Incandescent Light Bulbs Will Soon Burn Off The Shelf
GAINESVILLE, Fla. -- Gainesville has earned a reputation for being "green."
Now Gainesville is getting a reputation for seeing the light.
It lit up the world for more than a century, made bedtime stories possible, and helped us find items in dark, messy closets.
But now, the incandescent light bulb is no more.
With the ringing in of the new year, some of the most popular light bulbs used in homes will soon disappear from store shelves for good.
The manufacture of the incandescent light bulb is prohibited, starting today.
"I've followed the change in efficiency from the incandescents, particularly the heat.
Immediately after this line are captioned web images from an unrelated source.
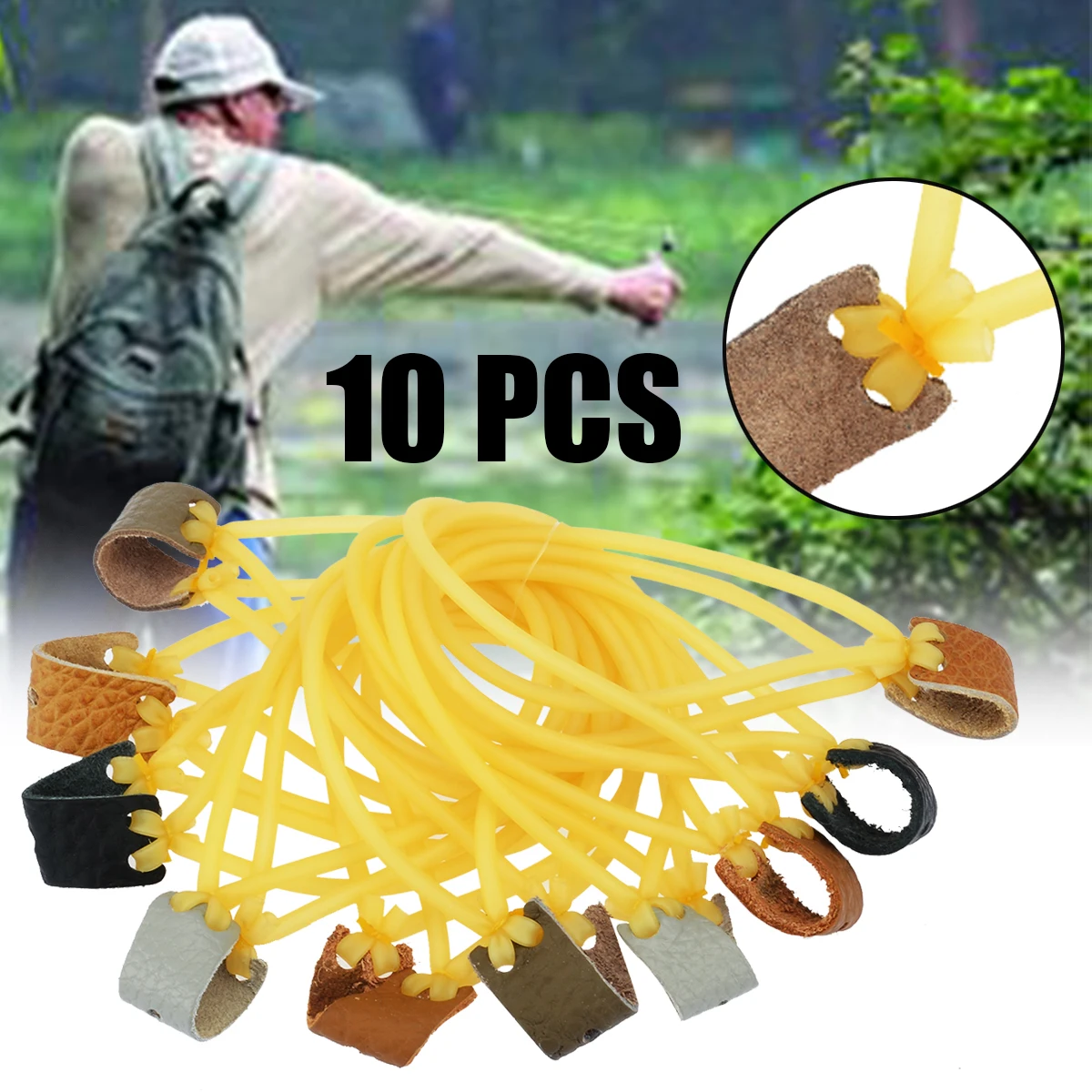 

10Pcs/ Lot Elastic Bungee Rubber Band Portable Durable Elastic Outdoor Tools For Slingshot Outdoor Hunting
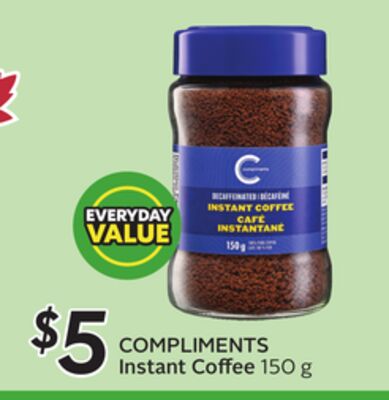 COMPLIMENTS Instant Coffee
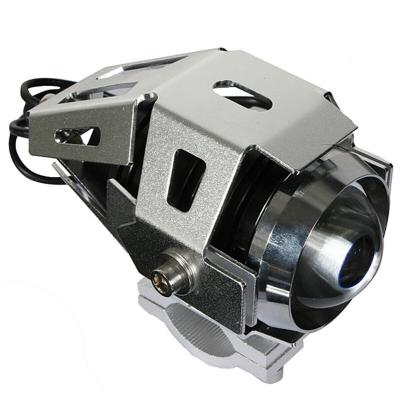 China 2X 125W High Bright Motorcycle Motorbike Crash Bar Mount LED Head Spot Bulb And Switch Chrome Bracket for sale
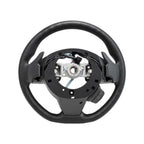 Multi-function black steering wheel for Maruti Suzuki Fronx, featuring paddle shifters and various integrated controls.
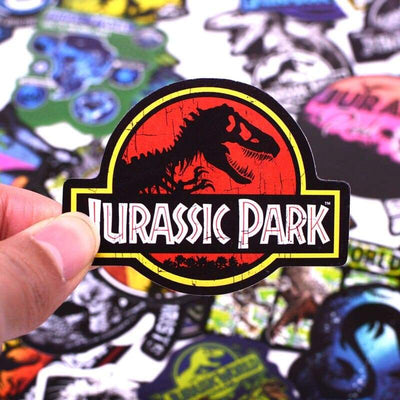 Stickers Jurassic Park <br> (Pack de 75) Pack de Stickers Tresor Otaku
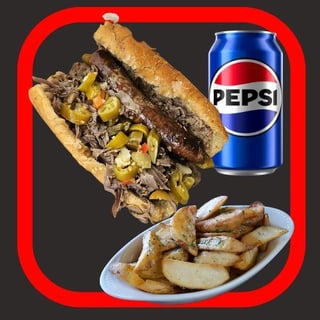 BEEF & SAUSAGE COMBO DELUXE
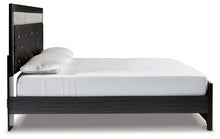 Load image into Gallery viewer, Kaydell King Upholstered Panel Bed with Mirrored Dresser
In Florida, I meant, the heat is a real killer," said Gainesville Resident Mike Brennan.
In 2007 President George W. Bush signed a law to replace standard incandescents with more efficient bulbs.
But many North Central Florida residents have already made that change.
"Gainesville is one of the top 50 markets in the nation as far as switching over already," said Home Depot's Department Supervisor, Keith Bellissimo.
The Environmental Protection Agency says about only ten percent of the energy these traditional bulbs use is for light.
And with more efficient bulbs in the shelves, it's no wonder why people are buying them.
"I like the LED bulbs because they burn very cool, and in Florida, of course it doesn't make much sense to have the hot light bulb when you're trying to cool the house off," said Gainesville Resident, Pat Sucher. "So I like the LED ones a lot."
"I've bought them before," says Frank Owens of Gainesville. "I mean, we like them better. They last longer, they're just as bright , they're energy saving."
Replacing these incandescent light bulbs in store shelves are these LED bulbs and these compact fluorescent, known for their coil shape.
"You'll see the 60's and 40's begin to disappear. The 100 watts are already gone and as we run out of inventory, you'll just see the CFL's and LED options," said Bellissimo.
The LED's and CFL's are more expensive than the incandescent bulb-- some as much as 30-dollars-- but they are designed to last much longer.
"When you look at the price difference, it pays for itself over a year. And then it last at least ten years. So the LED is definitely the way to go," says Bellissimo. "Both options last longer than your traditional incandescent light bulbs."
You aren't supposed to throw away the new light bulbs.
Residents can recycle their duds by bringing them to some retailers or to the county Hazardous Waste Collection Center.